Zitadel App setup for Tailscale
If you don’t encounter any error after clicking Get OIDC Issuer and Tailscale is asking for a ClientID and Secret, then you are good to go further down below steps, else you have to go back to previous steps from starting.
Now, time to create the Tailscale application in Zitadal. This is the easy part. Login to your Zitadal Cloud or self-hosted server with Zitadel admin account. In our case it is [email protected]

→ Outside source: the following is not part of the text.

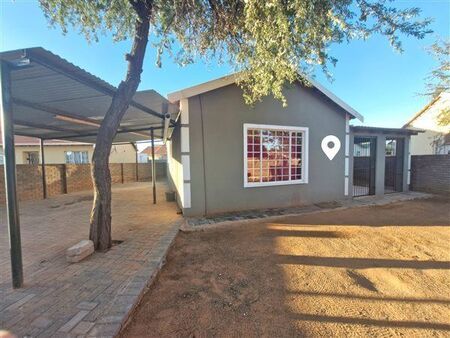 3 Bedroom House in Kathu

. Create a new project Tailscale. Create a new app Tailscale, with the following settings: Skip the wizard and chose Pro.
- Name: Tailscale
- Application Type: Web
- Grant Types: Authorization Code and Refresh Token. (Caution: Two items here)
- Response Types: Code
- Authenticatio Method: Basic
- Redirect URIs and Post Logout URIs:
https://login.tailscale.com/a/oauth_response
. Don’t forget to click+
button to add them.
Copy your ClientID and Secret and go back to Tailscale. Key in the information accordingly, and check consent
, login
, select_account
. WARNING Before clicking Next, make sure your Zitadal running on the URL you desired, you will have to contact the Tailscale support team to change your IdP if you got it wrong. Tailscale should transfer you to your Zitadal server for login, after login, you will back to Tailscale and your network is already created. Ready to set up your first device.
Congrats 🥳! now you are ready to go. In the future, when you log in to Tailscale, just use your Zitadal account and Tailscale will automatically transfer you to your Zitadal server for login.